Noc gier

134 7 0
                                    

Spora, czarna limuzyna podjechała pod szkołę. Jedna z szyb na tyłach samochodu się opuściła. Na miejscu siedział Dong-Hoo i powoli otworzył drzwi.

-Zapraszam.- powiedział z uśmiechem. Clem i Shiwon weszły jako pierwsze. Zaraz za nimi wskoczyli chłopcy.

-A gdzie Lu, Zoe i Jess?- zapytał mężczyzna spokojnie.

-Zajęcia z tańca i kickboxing.- oznajmiła Shiwon.

-A no tak. Zaponiałem że, dziś poniedziałek.- odparł mężczyzna.

-Czekaj... pierwszy poniedziałek miesiąca?- spytała Clem gdy auto ruszyło.

-Owszem.- powiedział Dong-hoo.

-Niee! Wypuśćcie mnie stąd! Ja nie chce! Ja nie mogę wrócić do domu! Pomocy!- krzyczała dziewczyna próbując otworzyć drzwi.

-O co jej chodzi?- spytał cicho Taehyung, nachylając się do młodszej.

-W pierwszy i ostatni poniedziałek miesiąca gramy w gry w domu. Taki czas z rodziną. Clem tego nienawidzi bo nasze matki przychodzą i czasem też inni członkowie rodziny.- oznajmiła obojętnie. Jej siostra skuliła się i siedziała w pozycji embrionalnej.

-Ale wasi nowi znajomi też zagrają.- powiedział pocieszająco Dong-hoo.

-Tym gorzej. Tam będzie moja matka!- wrzasnęła dziewczyna.

-Ciocia Rowena też wpadnie.- odparł z uśmiechem.

-Grasz mi na uczuciach... a... Crowley też będzie?- spytała podnosząc wzrok.

-Tak. W końcu znalazł trochę czasu.- powiedział Dong-hoo.

-Okej. To mogę przeżyć.- rzuciła z ulgą. Po 10 minutach byli pod domem. Dong-hoo oznajmił że, za 30 minut będzie obiad. Chłopaki poszli do swojego pokoju. Dziewczyny uciekły bardzo szybko, jak tylko samochód się zatrzymał.

-Dziwny ten dzień.- powiedział Hoseok padając na łóżko.

-Nie no... dla mnie było ciekawie.- oznajmił Namjoon.

-Jak się trzymasz dzieciaku?- mruknął Yoongi patrząc na najmłodszego.

-Pokonałem demona. Jestem super.- powiedział z uśmiechem. Starszy roześmiał się i wskoczył na swoje łóżko.

-Prawda. To był niezły wyczyn. Ja chyba nie dałbym rady.- oznajmił po chwili. Ktoś zapukał do ich drzwi. Jin otworzył je powoli.

-Mogę wejść czy coś robicie?- spytała Shiwon z uśmiechem.

-Zapraszam.- odparł chłopak i otworzył szerzej drzwi.

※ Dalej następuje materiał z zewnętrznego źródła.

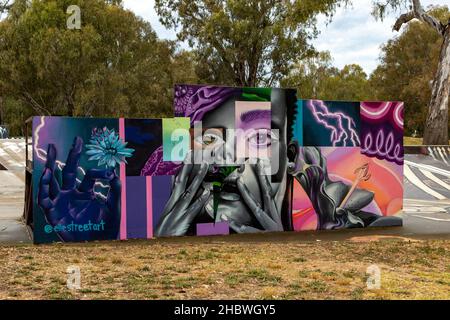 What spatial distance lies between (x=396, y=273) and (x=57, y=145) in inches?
212

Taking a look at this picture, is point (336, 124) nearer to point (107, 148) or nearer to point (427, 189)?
point (107, 148)

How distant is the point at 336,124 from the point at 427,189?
5.57 meters

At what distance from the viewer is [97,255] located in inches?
292

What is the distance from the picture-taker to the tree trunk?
82.3ft

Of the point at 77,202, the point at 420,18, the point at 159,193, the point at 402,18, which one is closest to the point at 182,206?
the point at 159,193

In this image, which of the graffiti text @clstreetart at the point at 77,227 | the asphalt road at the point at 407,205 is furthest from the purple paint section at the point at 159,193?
the graffiti text @clstreetart at the point at 77,227

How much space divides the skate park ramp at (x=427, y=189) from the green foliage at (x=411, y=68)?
32.5 metres

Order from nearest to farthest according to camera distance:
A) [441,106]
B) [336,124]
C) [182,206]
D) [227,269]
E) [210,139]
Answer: [227,269] → [182,206] → [210,139] → [336,124] → [441,106]

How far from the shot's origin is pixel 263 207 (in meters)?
9.77

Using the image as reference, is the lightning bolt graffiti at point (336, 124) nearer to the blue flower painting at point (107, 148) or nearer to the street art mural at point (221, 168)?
the street art mural at point (221, 168)

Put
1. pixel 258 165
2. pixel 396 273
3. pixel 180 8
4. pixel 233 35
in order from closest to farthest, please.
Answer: pixel 396 273, pixel 258 165, pixel 233 35, pixel 180 8

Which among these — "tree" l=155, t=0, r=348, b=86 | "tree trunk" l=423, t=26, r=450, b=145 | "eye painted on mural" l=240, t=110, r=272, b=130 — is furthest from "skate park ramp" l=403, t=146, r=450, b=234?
"tree" l=155, t=0, r=348, b=86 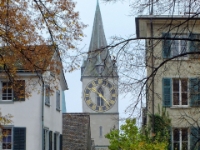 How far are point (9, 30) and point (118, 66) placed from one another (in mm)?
4800

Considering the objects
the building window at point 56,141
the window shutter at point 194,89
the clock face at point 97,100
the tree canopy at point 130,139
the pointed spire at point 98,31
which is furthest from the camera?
the pointed spire at point 98,31

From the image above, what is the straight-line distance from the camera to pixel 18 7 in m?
19.9

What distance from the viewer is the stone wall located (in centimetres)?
5072

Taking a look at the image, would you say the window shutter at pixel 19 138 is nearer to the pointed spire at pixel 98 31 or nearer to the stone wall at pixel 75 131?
the stone wall at pixel 75 131

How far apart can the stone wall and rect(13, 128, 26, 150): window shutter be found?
1253cm

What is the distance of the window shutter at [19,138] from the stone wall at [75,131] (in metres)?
12.5

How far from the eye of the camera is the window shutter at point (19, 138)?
1464 inches

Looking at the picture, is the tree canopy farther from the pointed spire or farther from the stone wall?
the pointed spire

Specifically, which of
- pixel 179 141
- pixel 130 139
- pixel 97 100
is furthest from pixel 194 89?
pixel 97 100

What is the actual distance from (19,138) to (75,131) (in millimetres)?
15240

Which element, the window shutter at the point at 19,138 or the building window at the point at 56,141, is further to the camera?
the building window at the point at 56,141

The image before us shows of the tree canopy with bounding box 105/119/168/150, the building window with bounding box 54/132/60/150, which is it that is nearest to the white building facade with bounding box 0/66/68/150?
the building window with bounding box 54/132/60/150

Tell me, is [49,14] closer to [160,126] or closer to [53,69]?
[53,69]

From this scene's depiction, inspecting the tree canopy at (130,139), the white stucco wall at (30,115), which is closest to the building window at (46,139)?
the white stucco wall at (30,115) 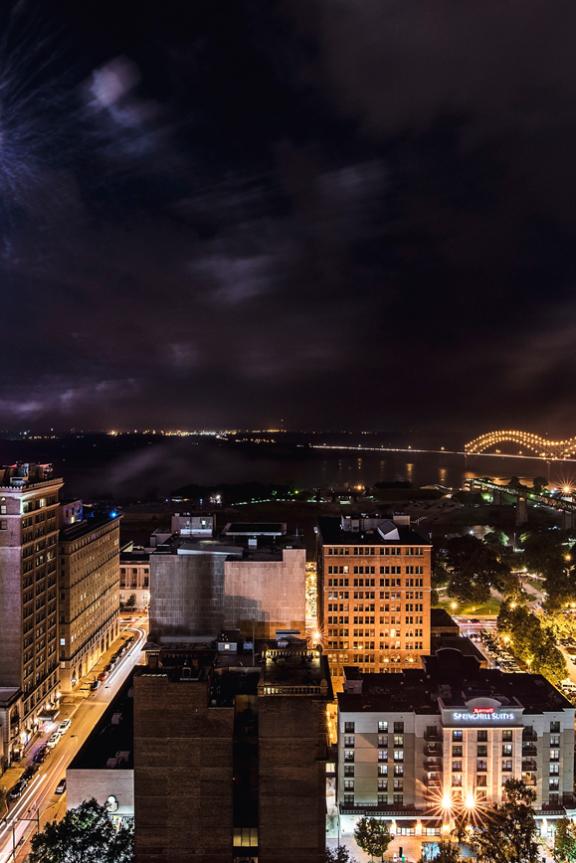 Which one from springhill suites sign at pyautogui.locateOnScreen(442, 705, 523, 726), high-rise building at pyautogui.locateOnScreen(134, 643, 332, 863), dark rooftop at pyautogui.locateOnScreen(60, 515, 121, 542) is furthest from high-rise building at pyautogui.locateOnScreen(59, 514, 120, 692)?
springhill suites sign at pyautogui.locateOnScreen(442, 705, 523, 726)

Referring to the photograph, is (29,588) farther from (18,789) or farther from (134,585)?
(134,585)

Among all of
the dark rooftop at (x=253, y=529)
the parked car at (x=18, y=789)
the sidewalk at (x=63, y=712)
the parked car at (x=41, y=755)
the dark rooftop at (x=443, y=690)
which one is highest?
the dark rooftop at (x=253, y=529)

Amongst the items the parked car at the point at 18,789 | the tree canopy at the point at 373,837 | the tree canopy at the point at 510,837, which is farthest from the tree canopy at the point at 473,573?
the parked car at the point at 18,789

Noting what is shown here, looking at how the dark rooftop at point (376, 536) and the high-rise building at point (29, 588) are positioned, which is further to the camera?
the dark rooftop at point (376, 536)

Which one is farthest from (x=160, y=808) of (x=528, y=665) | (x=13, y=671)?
(x=528, y=665)

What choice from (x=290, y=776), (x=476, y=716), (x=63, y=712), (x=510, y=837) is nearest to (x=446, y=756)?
(x=476, y=716)

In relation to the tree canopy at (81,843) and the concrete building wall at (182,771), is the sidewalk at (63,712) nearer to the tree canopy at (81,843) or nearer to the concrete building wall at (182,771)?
the tree canopy at (81,843)

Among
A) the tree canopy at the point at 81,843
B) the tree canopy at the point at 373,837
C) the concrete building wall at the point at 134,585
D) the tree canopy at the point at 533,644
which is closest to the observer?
the tree canopy at the point at 81,843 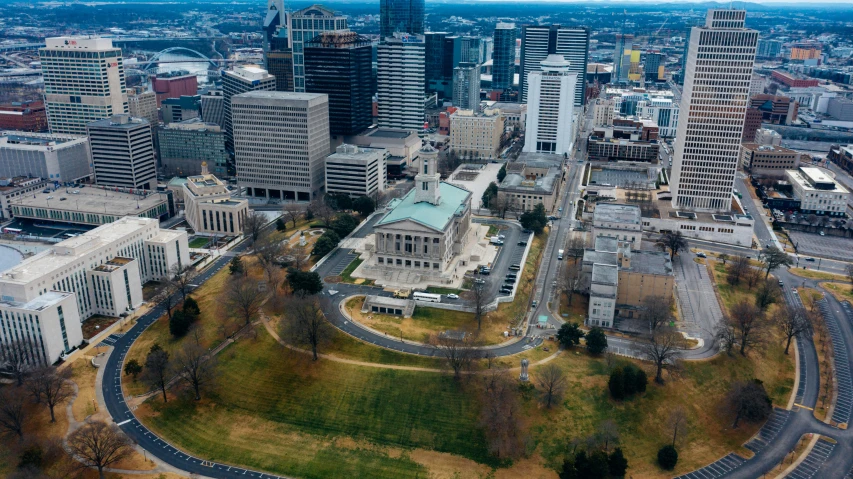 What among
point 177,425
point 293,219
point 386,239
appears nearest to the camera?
point 177,425

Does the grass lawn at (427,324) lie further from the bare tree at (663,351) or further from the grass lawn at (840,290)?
the grass lawn at (840,290)

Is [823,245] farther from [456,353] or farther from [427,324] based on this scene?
[456,353]

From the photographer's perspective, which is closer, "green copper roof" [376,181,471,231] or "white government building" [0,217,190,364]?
"white government building" [0,217,190,364]

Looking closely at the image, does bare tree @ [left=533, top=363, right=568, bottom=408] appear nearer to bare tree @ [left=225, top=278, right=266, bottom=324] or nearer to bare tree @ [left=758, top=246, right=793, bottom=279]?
bare tree @ [left=225, top=278, right=266, bottom=324]

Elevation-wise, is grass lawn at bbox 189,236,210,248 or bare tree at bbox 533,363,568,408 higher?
bare tree at bbox 533,363,568,408

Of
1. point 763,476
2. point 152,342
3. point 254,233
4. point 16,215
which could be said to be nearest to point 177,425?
point 152,342

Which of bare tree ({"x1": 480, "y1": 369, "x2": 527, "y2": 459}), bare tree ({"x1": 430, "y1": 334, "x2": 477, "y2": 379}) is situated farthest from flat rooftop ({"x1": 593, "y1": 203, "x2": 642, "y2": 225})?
bare tree ({"x1": 480, "y1": 369, "x2": 527, "y2": 459})

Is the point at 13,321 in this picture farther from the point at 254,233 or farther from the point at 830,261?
the point at 830,261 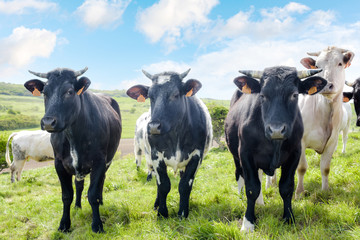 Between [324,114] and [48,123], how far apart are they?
15.6 ft

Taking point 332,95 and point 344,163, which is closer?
point 332,95

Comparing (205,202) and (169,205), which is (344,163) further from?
(169,205)

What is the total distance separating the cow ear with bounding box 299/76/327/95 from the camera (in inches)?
137

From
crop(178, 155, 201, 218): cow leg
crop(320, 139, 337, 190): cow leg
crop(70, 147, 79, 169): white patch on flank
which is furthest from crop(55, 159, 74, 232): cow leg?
crop(320, 139, 337, 190): cow leg

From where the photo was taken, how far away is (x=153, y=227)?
158 inches

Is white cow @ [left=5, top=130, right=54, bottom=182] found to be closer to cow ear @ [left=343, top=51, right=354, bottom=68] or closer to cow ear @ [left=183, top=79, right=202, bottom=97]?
cow ear @ [left=183, top=79, right=202, bottom=97]

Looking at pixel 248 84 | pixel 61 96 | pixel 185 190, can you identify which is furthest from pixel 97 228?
pixel 248 84

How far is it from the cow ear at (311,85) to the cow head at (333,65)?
0.97 metres

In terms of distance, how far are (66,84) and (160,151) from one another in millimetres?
1908

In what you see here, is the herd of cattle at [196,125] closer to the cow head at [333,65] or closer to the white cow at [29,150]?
the cow head at [333,65]

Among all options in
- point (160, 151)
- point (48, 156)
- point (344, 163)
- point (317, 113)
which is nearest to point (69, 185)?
point (160, 151)

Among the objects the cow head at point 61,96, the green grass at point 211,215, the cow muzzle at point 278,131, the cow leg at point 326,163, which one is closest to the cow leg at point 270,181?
the green grass at point 211,215

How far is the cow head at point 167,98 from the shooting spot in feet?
12.9

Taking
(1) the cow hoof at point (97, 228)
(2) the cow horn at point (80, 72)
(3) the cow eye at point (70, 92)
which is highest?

-Przyszłam was trochę przygotować na dzisiejszy wieczór. Najpierw zjemy obiad jak zawsze. Jak będziecie mieć jakieś pytania, to zwyczajnie pytajcie. Przy tacie nie wspominajcie o religii chrześcijańskiej. Niezbyt lubi o tym rozmawiać. Szczególnie że, ludzie mówią że, woda święcona go rani... to nie prawda. Egzorcyzmy też nie działają, w końcu jest archaniołem. Moja mama jest trochę nadopiekuńcza czasem, więc wolałabym żebyście nie wspominali o dzisiejszych zawodach. Natomiast Lilith... ona jest dość specyficzna. Prawdopodobnie będą się kłócić z tatą. Strasznie się nienawidzą. Clem zawsze jest niesamowicie zawstydzona przez nich. Pewnie będzie zdenerwowana, a wtedy jest trochę straszna i robi różne rzeczy... nie bardzo nad sobą panuje. Jedynie kuzyn Crowley potrafi ją uspokoić.- wytłumaczyła spokojnie.

-Czyli na co mamy się nastawić?- zapytał Namjoon.

-Na największą patologię na świecie... będzie alkohol, dziwki i koks... no i gra w monopoly albo inne bierki. To się zobaczy.- odparła z lekkim uśmiechem.